As we were talking, the crew’s leader, Gregory, tall and athletic, came up the stairs. Mr. Walton called him over.
“Gregory! C’mere.”
“Yes, sir.” Gregory looked confused.
“How about an apology?” Mr. Walton said.
“Sir?”
“I hear you and Mr. St. Germain had an altercation at Field Day. Something you were responsible for escalating?”
Gregory looked at me like he thought it was a setup. I just looked right through him, burning a hole. Mr. Walton’s body blurry, his voice muffled and distant. Gregory’s face just wide and open and asking for it. Mr. Walton’s thick arms were between us and I was counting the seconds, waiting for him to move.
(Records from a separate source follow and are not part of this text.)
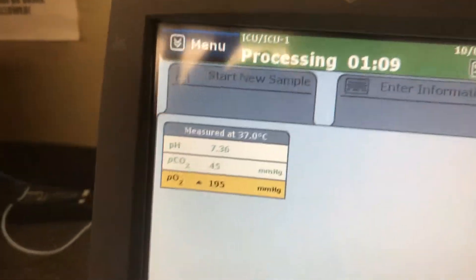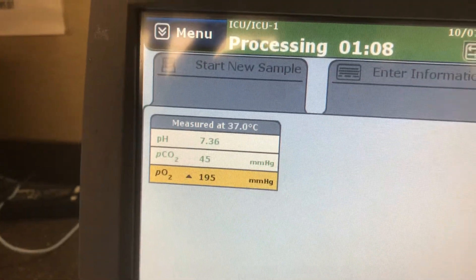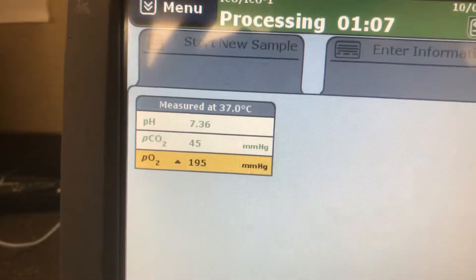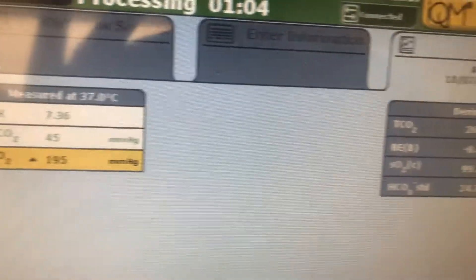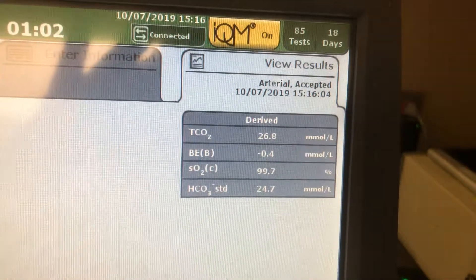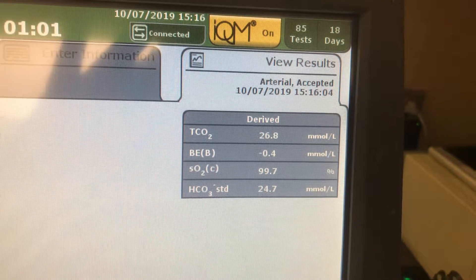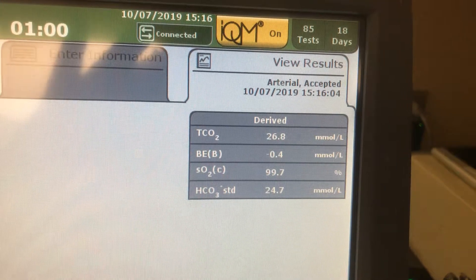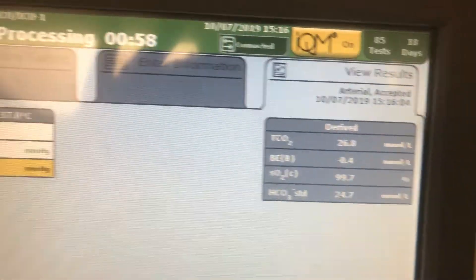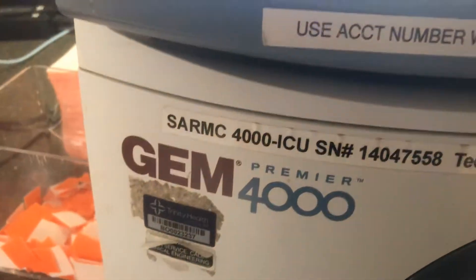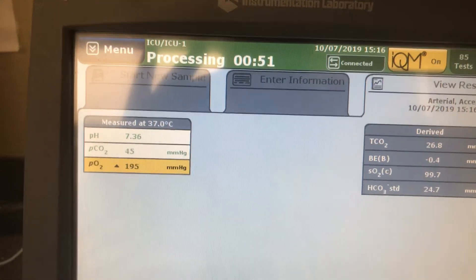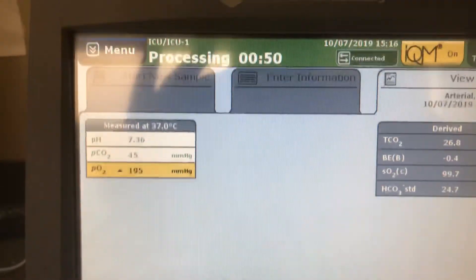We also have critical value reporting sheets that are available, but make sure those are reported per CAP requirements. Here's the rest of your ABG — when it comes to your SPO2 and your bicarb. And that is it — that's the GM4000 and how you run a sample here at St. Alphonsus. Thanks and have a great day!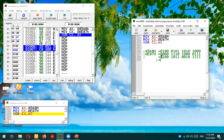Now converting the binary result into hexadecimal: 0100 is 4, 1011 is B, 0010 is 2, and 1111 is F. So 4B2F should be the exclusive OR result, and it should be stored in the destination operand, which is CX.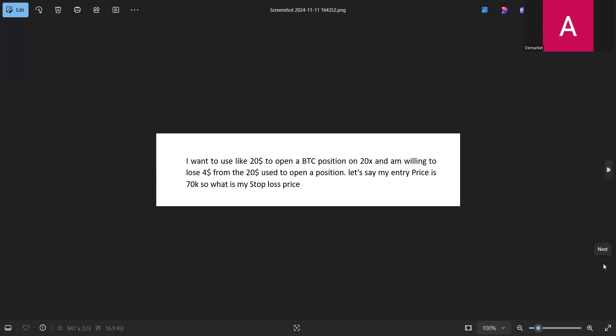Hello guys, welcome to the Market Analyst channel. In this video I'm going to be solving a particular problem which most people, especially beginner traders, are encountering — how to actually get the right stop loss price depending on the leverage you are using. People want to use 10x, 50x, 25x, or even 100x leverage but they don't know the right stop loss price before opening the position.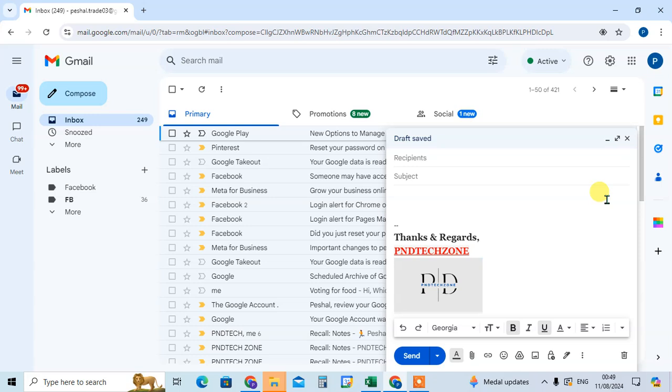So this is the way you can add an image in your signature in Gmail. So hope you understand. If you like this video please subscribe my channel. Thank you so much.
Gregory snapped to, like it all flooded back to him. He knew my crew was three times the size of his; he respected me now and Mr. Walton had nothing to do with it. He wanted my approval a whole lot more than the dean’s. That disconnect—between whose approval we were seeking and whose approval we should have been seeking—was massive.
“Yo, it’s all good. My bad,” Gregory said. “Sorry.” He stuck his hand out but I didn’t take it. I just kept my eyes locked on him.
“All right, let’s squash this gentlemen.” Mr. Walton grabbed my hand and pushed us together, forcing us to shake.
As we came in, Mr. Walton relaxed his body backward. It was almost slow motion. I could see Mr. Walton’s eyes pop, like his brain was telling his body to step back in. I pulled quickly out of the handshake and threw a right haymaker across Gregory’s face, landed it square and clean. That satisfying contact where it’s all give.
Mr. Walton’s two hundred pounds were around me fast, and he grabbed me by the shirt and walked me down to his office, angrier than I’d ever seen him. If I’d been reckless enough to knock a kid out in front of the dean, right after he told me specifically not to, then I couldn’t be talked sense to. And Mr. Walton knew it.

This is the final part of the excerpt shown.